■ **WHAT THE TASK ASKS**: Task for the records below: please copy exactly, and only, the lines from the one containing "数字营销创新助力俱乐部提升市场竞争力与品牌影响力" to the last line, both included, leaving out the pictures.

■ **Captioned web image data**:
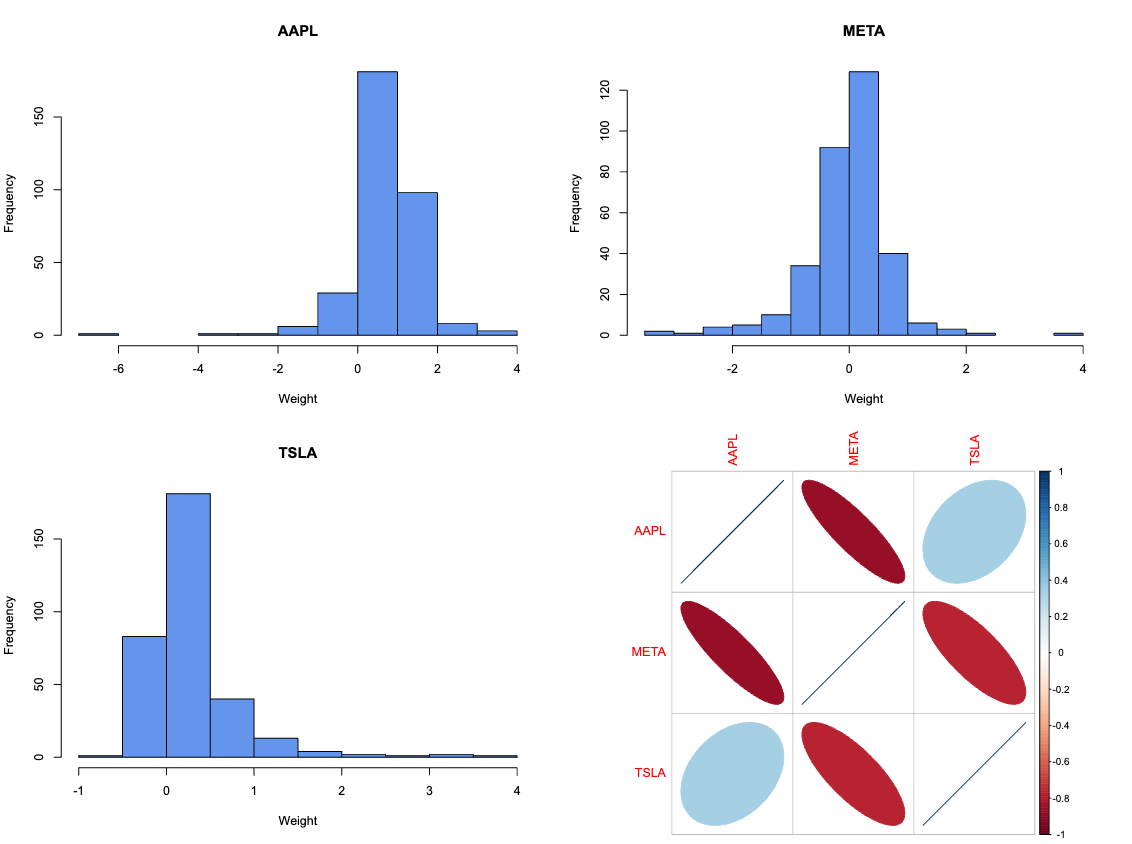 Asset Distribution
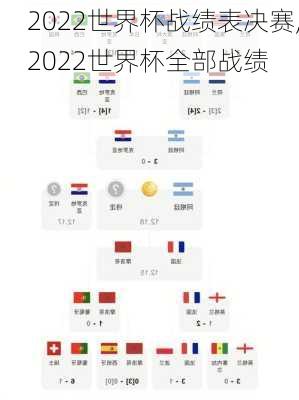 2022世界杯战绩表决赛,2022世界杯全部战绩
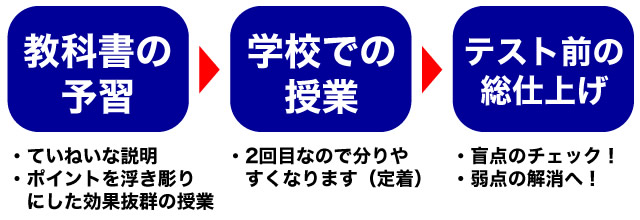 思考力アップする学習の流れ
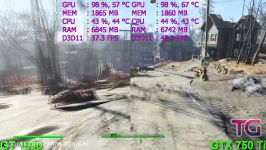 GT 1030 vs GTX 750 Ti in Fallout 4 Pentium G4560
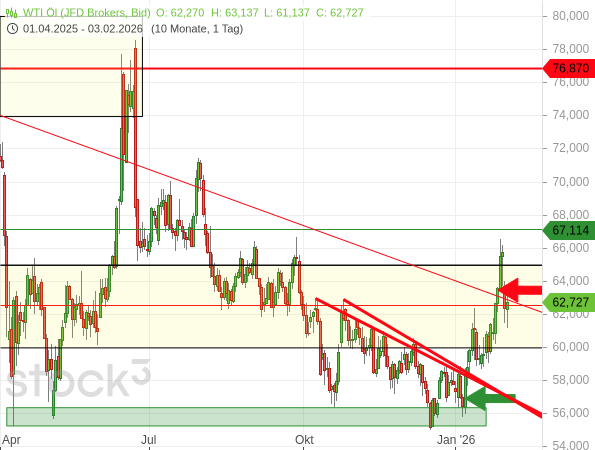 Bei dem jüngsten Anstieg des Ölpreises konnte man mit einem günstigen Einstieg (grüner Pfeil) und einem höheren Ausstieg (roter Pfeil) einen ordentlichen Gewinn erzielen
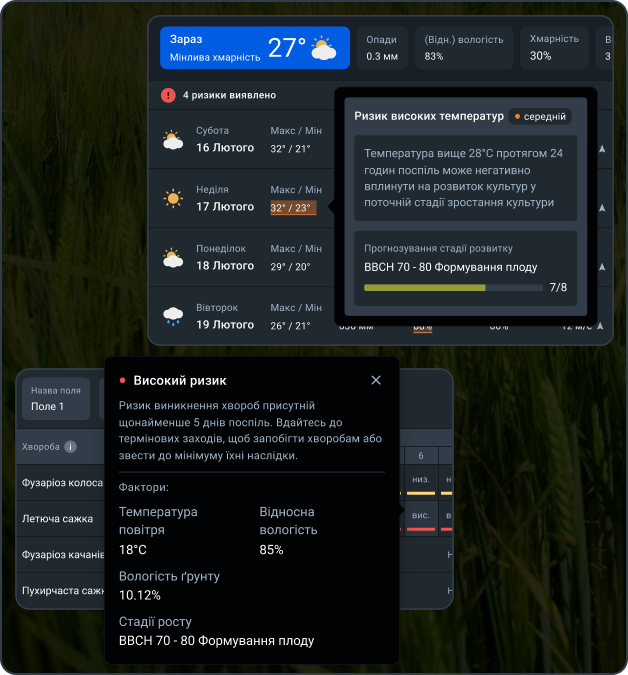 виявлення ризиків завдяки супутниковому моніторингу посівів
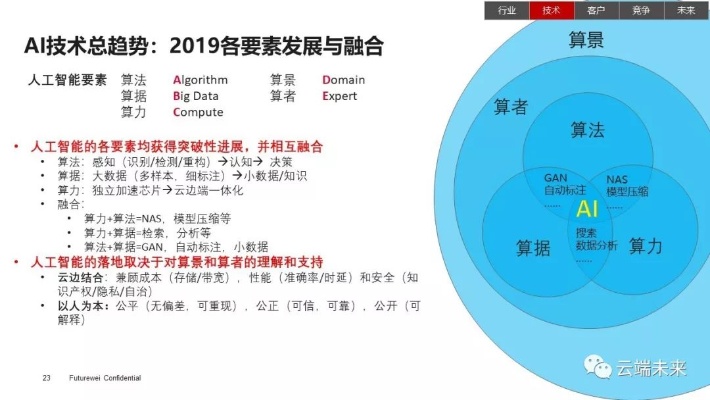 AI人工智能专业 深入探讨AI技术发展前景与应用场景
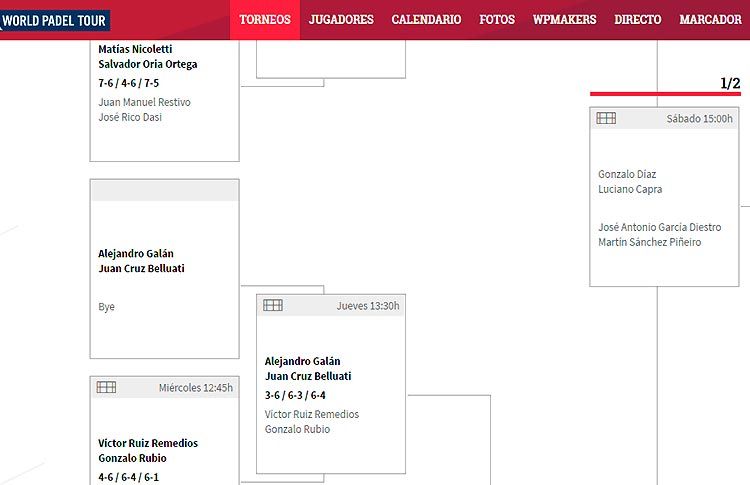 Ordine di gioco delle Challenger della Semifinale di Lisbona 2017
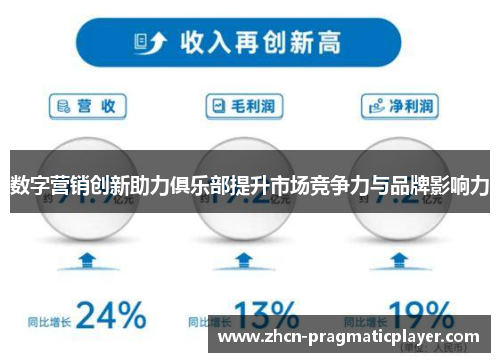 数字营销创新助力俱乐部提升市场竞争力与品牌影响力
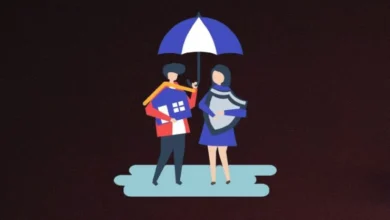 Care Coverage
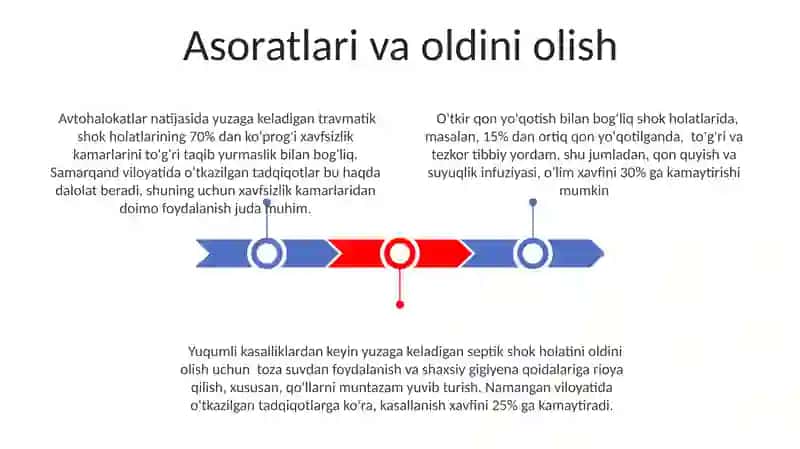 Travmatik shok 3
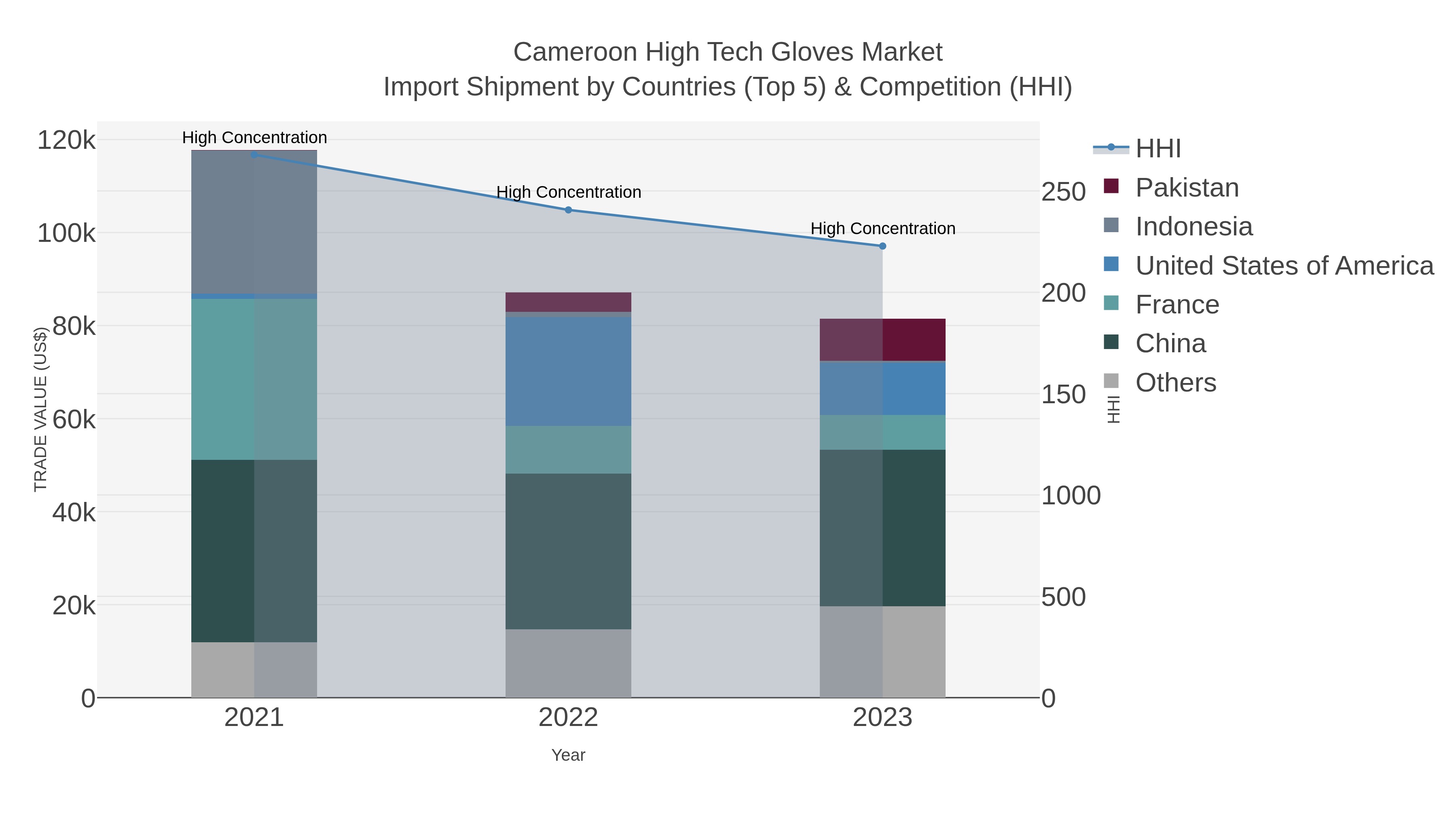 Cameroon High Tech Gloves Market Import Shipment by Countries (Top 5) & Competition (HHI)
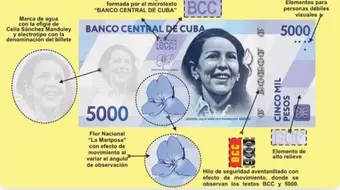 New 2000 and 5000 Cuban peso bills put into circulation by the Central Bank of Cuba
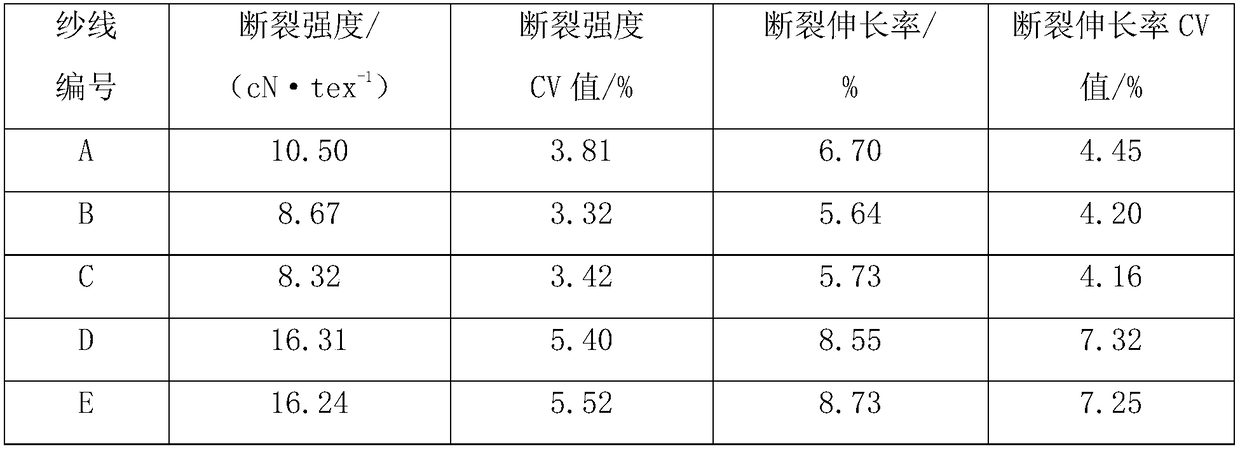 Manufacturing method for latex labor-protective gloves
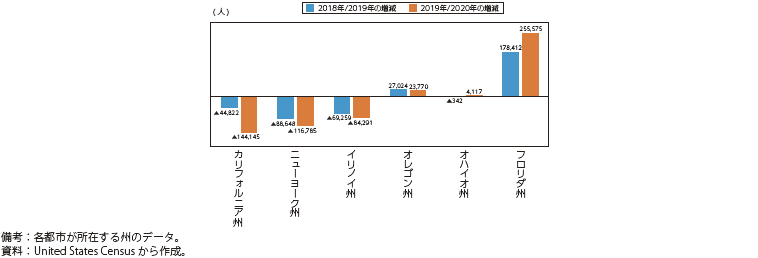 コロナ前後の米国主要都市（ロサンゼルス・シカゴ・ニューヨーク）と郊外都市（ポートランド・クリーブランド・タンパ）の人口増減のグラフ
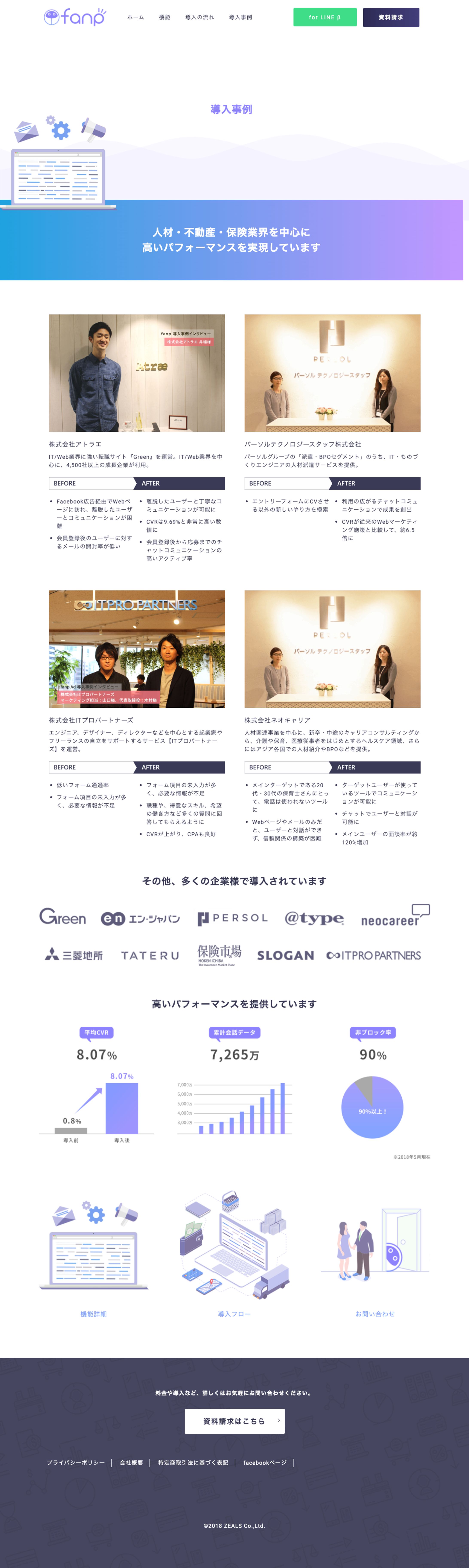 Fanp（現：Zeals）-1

■ **TASK ANSWER**:
 数字营销创新助力俱乐部提升市场竞争力与品牌影响力
 Care Coverage
 Travmatik shok 3
 Cameroon High Tech Gloves Market Import Shipment by Countries (Top 5) & Competition (HHI)
 New 2000 and 5000 Cuban peso bills put into circulation by the Central Bank of Cuba
 Manufacturing method for latex labor-protective gloves
 コロナ前後の米国主要都市（ロサンゼルス・シカゴ・ニューヨーク）と郊外都市（ポートランド・クリーブランド・タンパ）の人口増減のグラフ
 Fanp（現：Zeals）-1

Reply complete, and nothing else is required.